(Provided entries Opens)
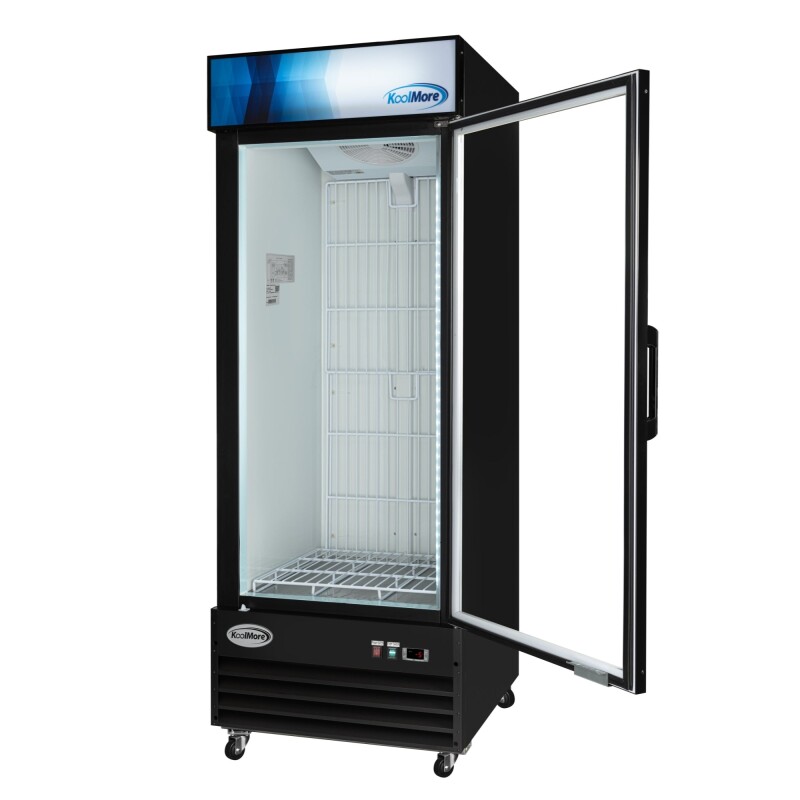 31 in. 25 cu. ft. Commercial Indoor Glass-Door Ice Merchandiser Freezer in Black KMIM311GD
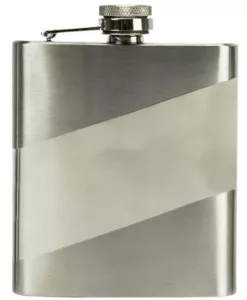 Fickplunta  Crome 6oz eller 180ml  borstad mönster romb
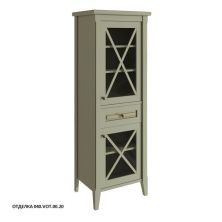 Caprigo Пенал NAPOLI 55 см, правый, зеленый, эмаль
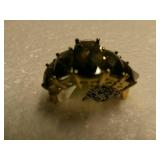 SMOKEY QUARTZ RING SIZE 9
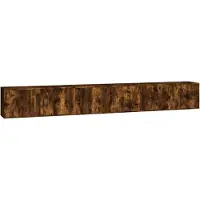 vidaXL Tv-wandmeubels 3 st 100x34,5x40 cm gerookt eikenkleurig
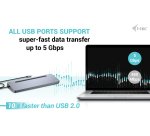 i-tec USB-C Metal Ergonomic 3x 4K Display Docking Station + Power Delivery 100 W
(Provided entries Closes)
(Provided entries Opens)
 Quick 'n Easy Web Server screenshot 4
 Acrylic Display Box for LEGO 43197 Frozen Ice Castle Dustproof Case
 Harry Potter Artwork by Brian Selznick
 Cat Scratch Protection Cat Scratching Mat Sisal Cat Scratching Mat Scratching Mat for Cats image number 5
(Provided entries Closes)
(Provided entries Opens)
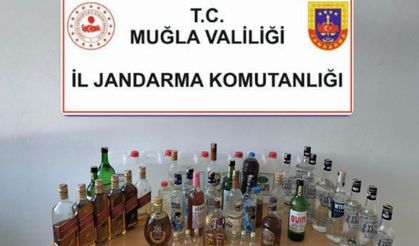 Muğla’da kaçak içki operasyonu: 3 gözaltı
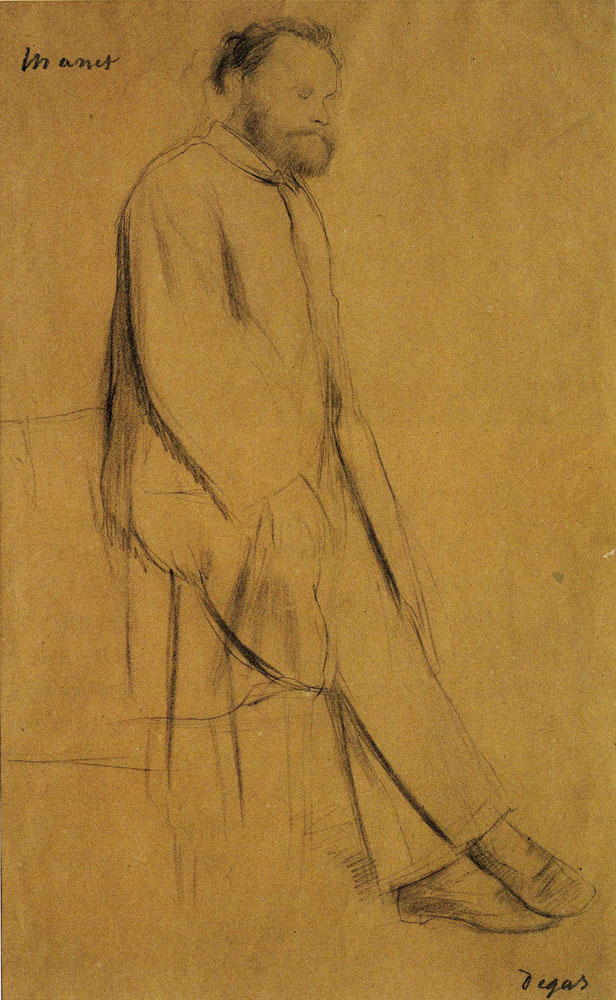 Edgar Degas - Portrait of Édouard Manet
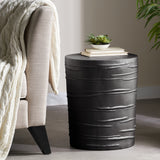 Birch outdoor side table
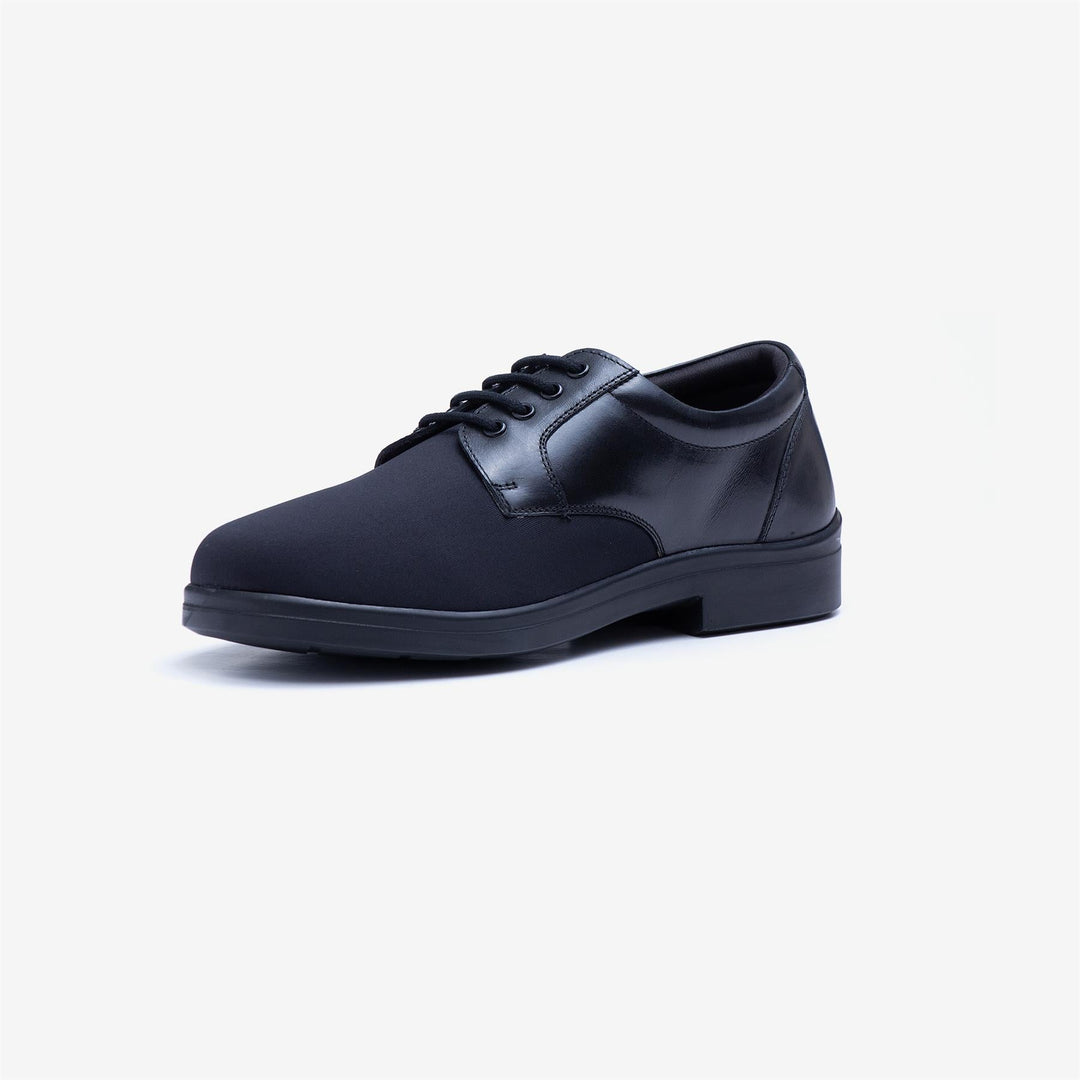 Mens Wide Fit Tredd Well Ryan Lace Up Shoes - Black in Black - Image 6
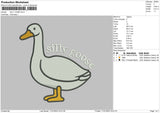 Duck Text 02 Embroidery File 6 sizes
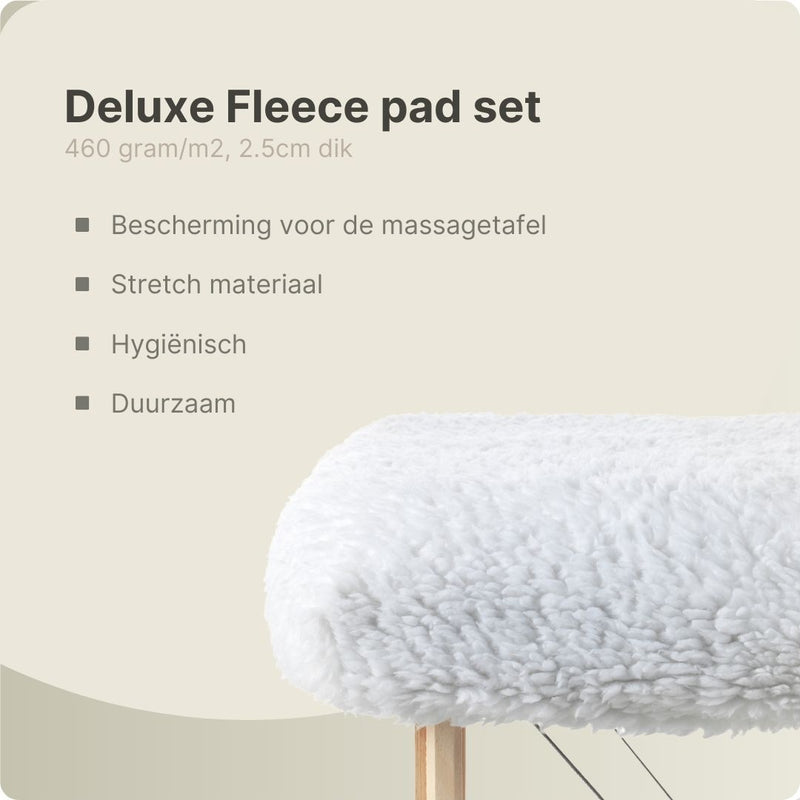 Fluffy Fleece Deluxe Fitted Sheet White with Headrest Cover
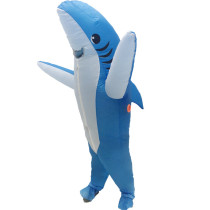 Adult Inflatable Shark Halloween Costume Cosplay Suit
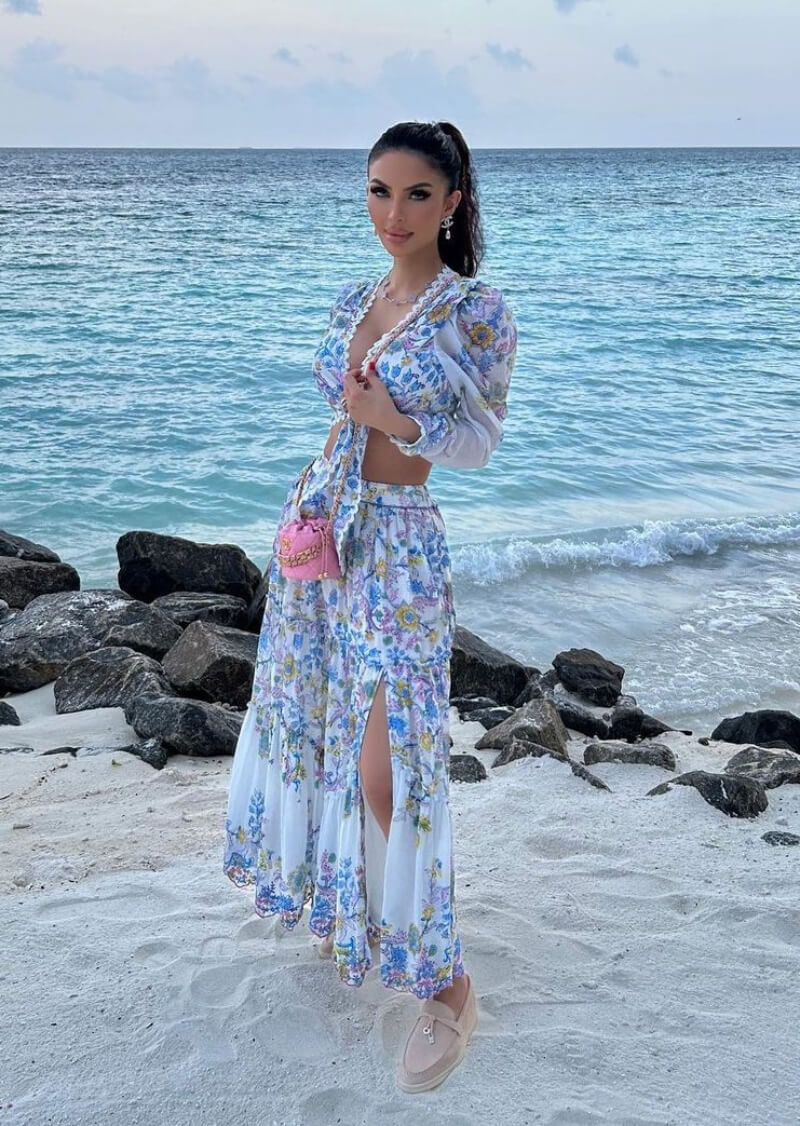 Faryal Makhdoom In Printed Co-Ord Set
(Provided entries Closes)
Your answer should be the lines of the listing above between the line holding "Quick 'n Easy Web Server screenshot 4" and the line holding "Cat Scratch Protection", inclusive, restated word for word and alone.

 Quick 'n Easy Web Server screenshot 4
 Acrylic Display Box for LEGO 43197 Frozen Ice Castle Dustproof Case
 Harry Potter Artwork by Brian Selznick
 Cat Scratch Protection Cat Scratching Mat Sisal Cat Scratching Mat Scratching Mat for Cats image number 5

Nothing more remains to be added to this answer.